• DATASET RECORDS:
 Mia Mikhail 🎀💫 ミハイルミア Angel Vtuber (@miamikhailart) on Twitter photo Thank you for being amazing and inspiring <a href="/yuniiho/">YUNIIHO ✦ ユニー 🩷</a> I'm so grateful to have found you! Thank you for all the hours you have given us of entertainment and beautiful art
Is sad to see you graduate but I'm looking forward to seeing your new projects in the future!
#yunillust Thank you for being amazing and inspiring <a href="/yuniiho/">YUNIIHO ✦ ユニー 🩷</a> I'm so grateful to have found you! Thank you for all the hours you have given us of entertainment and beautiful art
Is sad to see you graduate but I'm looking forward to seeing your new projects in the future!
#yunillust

• WORK REQUEST: Lines from the top of the entries through the line with "#yunillust Thank you" are to be transcribed exactly, and nothing more.

• WRITTEN ANSWER:
 Mia Mikhail 🎀💫 ミハイルミア Angel Vtuber (@miamikhailart) on Twitter photo Thank you for being amazing and inspiring <a href="/yuniiho/">YUNIIHO ✦ ユニー 🩷</a> I'm so grateful to have found you! Thank you for all the hours you have given us of entertainment and beautiful art
Is sad to see you graduate but I'm looking forward to seeing your new projects in the future!
#yunillust Thank you for being amazing and inspiring <a href="/yuniiho/">YUNIIHO ✦ ユニー 🩷</a> I'm so grateful to have found you! Thank you for all the hours you have given us of entertainment and beautiful art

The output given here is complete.